More on Law Review Article Length
I recently posted on law review article length. On Saturday, I got the following spam from the Cornell Law Review:
Thank you for submitting work to Cornell Law Review in the past. We are excited to let you know about two developments in our article review process for Volume 91 and future volumes.
Second, you will also see a statement on our website from the top law reviews about our commitment to moderating the length of the articles we publish. You will also see Cornell Law Review’s statement expressing our preference for pieces that we believe can be published at under 30,000 words (including text and footnotes). We believe, like many of you, many of your colleagues, and many of our colleagues, that this effort will sharpen the quality of legal scholarship and the efficiency of the publishing process.
Thank you again for submitting your work to Cornell Law Review in the past and we look forward to receiving and reviewing your future work.
Board of Editors
Cornell Law Review
It appears that the journals are making a big push this submission season to enforce their announcement. But already ambiguities are beginning to crop up. Harvard is emphasizing articles under 25,000 words, with a putative cap of 35,000 words, although this leaves open how Harvard will deal with articles in the 25,000-35,000 word range. In partial contrast, Cornell is giving preference to 30,000 words or less. For authors caught by surprise, this submission period could be pretty bumpy. (As for me, I was targeting 30,000 words for my latest article, so I think I’m OK…?).
February 08, 2005
Law Review Editors to Authors: "Too Many Words"
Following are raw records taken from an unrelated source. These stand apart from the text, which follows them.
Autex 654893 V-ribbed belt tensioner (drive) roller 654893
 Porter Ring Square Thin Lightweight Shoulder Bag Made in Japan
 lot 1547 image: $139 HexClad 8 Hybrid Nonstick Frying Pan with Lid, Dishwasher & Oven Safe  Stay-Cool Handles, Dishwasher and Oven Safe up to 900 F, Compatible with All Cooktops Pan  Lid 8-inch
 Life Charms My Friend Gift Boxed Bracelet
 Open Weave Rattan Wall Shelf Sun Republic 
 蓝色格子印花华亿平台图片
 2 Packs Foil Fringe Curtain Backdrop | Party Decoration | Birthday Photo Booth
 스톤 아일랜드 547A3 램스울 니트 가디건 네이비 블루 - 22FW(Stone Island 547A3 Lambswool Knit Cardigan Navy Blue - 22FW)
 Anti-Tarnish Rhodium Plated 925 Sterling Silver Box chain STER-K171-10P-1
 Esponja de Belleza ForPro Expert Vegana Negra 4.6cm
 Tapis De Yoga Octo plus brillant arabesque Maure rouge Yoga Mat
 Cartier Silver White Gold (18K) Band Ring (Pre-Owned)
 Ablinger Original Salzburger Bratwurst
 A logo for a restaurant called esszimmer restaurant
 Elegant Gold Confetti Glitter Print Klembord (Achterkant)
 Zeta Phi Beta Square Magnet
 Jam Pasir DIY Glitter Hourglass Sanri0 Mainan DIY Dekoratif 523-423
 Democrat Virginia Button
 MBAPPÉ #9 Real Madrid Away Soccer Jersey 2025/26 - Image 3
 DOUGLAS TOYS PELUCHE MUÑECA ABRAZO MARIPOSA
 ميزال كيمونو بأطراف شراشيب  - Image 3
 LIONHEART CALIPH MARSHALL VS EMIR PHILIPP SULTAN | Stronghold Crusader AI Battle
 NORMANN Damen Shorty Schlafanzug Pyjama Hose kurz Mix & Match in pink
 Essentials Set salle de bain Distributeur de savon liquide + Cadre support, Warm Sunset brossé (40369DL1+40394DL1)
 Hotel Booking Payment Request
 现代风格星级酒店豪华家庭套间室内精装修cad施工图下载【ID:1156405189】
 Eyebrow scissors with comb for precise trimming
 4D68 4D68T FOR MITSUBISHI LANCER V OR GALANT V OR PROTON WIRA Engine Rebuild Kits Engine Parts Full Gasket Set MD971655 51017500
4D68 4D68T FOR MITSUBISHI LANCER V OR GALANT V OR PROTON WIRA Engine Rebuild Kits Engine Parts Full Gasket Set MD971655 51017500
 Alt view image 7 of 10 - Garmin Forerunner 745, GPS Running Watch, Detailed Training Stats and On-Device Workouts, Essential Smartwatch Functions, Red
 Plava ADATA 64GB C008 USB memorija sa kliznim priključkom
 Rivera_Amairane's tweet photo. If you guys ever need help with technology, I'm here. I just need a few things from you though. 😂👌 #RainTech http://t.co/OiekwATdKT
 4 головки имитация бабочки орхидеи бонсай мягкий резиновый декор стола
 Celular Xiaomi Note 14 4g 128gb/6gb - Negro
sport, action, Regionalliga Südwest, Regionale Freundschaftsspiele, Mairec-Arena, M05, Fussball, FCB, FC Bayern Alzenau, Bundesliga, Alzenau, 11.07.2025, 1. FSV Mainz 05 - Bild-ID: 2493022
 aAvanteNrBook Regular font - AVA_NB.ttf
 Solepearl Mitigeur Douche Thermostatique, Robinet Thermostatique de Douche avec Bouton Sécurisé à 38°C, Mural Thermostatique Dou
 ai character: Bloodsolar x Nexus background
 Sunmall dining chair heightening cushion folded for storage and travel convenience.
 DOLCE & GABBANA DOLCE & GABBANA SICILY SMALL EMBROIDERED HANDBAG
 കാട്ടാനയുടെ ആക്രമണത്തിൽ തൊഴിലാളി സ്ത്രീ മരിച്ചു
The blogosphere is abuzz with the announcement that law reviews are going to try to limit the length of law review articles. If true, this is excellent news for everyone, including authors like me. But I don’t believe it for a second. Law review articles editors are still going to need to be educated on very specialized topics to appreciate the import of the paper, and editors are still going to make decisions about a manuscript based on factors that have nothing to do with its content. After this year’s crop of editors turns over, it will be interesting to see how many editors remember this treaty.